Although LinkedIn is an extremely helpful tool for building your brand, job seekers should not be limited to “professional” social networks. As noted in the previous sections, employers are not only looking at LinkedIn, they are looking at your other social media pages as well. Therefore, you should use any social media site that makes sense for you and the brand you are creating.  Facebook and Twitter can be great platforms to promote your personal brand, if you can post content that appeals to employers. Employers are also increasing their own Facebook and Twitter presence, which will allow the job seeker to “like” or “follow” the company to engage with them and stay updated on their employment opportunities. “Companies are investing in their social media presence, giving job seekers plenty of options for interesting content to like and follow” (Salpeter, 2014). You can even use Twitter to your advantage by searching different “hashtags” to filter through any job listings that a company may post. Similar to your LinkedIn connections, your Facebook friends and groups can be extremely helpful in your efforts to find a job, as a job seeker can get referrals from friends and post that they are looking for a job in the groups they belong to on Facebook.

Obviously recruiters and employers are looking at social media in the hiring process. There are many tools out there that job seekers, especially young adults who are more familiar with social media, must use to their advantage. A simple Facebook post or LinkedIn connection could land a certain college graduate with their dream job someday!
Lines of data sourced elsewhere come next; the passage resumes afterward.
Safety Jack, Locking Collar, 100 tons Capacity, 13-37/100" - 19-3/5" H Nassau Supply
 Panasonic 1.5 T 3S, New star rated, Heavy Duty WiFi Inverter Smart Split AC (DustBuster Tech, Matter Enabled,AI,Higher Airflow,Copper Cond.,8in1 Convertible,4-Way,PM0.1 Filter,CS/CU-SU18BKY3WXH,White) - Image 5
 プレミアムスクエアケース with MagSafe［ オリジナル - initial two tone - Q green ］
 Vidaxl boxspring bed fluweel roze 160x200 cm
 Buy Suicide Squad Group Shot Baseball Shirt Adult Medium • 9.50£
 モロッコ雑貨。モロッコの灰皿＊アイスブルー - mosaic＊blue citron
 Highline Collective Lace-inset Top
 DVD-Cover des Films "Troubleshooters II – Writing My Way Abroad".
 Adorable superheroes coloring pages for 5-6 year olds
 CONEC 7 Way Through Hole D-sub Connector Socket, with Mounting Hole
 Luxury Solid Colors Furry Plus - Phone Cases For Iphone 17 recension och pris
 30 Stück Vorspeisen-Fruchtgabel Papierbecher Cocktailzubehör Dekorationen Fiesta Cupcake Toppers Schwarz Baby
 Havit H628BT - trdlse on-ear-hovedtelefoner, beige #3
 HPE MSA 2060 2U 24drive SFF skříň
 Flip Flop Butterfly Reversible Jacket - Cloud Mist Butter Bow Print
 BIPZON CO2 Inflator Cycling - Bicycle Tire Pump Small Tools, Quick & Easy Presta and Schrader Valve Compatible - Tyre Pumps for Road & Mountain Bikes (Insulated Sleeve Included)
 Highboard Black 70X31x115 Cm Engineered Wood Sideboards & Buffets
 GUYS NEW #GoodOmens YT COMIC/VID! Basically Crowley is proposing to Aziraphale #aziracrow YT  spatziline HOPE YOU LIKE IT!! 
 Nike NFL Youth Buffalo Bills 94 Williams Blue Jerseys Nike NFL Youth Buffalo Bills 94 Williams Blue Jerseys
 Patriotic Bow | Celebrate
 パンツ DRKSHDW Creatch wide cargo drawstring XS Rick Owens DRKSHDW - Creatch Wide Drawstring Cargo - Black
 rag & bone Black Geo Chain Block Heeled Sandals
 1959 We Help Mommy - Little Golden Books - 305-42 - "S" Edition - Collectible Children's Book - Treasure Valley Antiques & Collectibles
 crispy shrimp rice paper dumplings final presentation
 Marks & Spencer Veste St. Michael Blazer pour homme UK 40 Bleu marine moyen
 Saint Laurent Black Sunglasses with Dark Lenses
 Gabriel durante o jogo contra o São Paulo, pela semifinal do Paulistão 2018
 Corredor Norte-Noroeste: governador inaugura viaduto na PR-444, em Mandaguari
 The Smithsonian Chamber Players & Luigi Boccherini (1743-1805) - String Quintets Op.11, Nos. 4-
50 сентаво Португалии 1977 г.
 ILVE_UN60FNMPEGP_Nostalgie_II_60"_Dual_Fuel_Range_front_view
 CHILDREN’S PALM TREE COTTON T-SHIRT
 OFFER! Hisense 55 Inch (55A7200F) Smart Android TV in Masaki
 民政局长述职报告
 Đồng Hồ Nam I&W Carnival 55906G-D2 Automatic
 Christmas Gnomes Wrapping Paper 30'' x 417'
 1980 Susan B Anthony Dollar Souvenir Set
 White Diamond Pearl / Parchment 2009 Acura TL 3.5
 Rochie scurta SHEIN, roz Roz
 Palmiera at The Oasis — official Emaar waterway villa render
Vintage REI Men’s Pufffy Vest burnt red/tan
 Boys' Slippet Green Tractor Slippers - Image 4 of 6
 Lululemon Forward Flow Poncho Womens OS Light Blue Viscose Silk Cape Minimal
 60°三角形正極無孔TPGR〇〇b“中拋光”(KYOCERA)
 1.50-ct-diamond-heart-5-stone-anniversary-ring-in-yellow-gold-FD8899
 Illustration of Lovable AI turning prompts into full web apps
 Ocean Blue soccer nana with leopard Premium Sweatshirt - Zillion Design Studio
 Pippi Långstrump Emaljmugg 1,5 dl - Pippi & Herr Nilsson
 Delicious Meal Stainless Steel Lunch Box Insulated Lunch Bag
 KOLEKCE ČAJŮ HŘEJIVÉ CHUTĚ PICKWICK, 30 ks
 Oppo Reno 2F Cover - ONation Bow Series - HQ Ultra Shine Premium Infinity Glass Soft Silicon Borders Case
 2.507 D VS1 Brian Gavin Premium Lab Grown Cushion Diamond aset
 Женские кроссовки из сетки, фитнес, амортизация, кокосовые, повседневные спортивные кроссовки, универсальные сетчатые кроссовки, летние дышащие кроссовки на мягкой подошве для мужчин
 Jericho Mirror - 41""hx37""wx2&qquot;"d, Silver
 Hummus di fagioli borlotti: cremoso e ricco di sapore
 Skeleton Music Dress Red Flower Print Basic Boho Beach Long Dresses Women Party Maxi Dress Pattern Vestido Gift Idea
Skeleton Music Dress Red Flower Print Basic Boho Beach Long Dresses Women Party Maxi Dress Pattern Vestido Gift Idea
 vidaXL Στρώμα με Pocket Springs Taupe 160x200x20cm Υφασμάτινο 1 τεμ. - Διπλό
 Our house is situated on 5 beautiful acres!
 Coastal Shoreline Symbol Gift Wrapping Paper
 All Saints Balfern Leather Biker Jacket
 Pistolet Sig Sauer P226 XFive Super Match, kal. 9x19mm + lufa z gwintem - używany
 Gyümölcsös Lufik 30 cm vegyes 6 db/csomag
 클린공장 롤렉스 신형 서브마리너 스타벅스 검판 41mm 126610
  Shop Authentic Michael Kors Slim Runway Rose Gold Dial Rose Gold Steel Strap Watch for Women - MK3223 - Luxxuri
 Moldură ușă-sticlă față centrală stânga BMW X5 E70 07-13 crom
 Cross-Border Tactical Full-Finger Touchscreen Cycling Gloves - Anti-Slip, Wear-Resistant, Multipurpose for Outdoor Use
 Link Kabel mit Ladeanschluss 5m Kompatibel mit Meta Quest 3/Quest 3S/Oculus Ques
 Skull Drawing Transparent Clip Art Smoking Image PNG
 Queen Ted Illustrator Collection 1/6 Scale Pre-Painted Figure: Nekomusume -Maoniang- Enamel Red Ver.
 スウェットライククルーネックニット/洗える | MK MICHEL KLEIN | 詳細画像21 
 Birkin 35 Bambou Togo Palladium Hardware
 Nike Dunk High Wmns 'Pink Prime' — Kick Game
The increasing presence of social media has allowed it to become a part of almost every aspect of our lives. Many argue over whether our use of social media sites is good or bad, and particularly over the effects our social media posts can have on our professional careers. Undoubtedly, negative social media posts can affect job seekers in their chance on having a fulfilling career. However, if young adults applying for jobs can use the social media sites to their advantage, and learn how to network on these sites in a professional manner, social media will reveal an enormous number of job opportunities!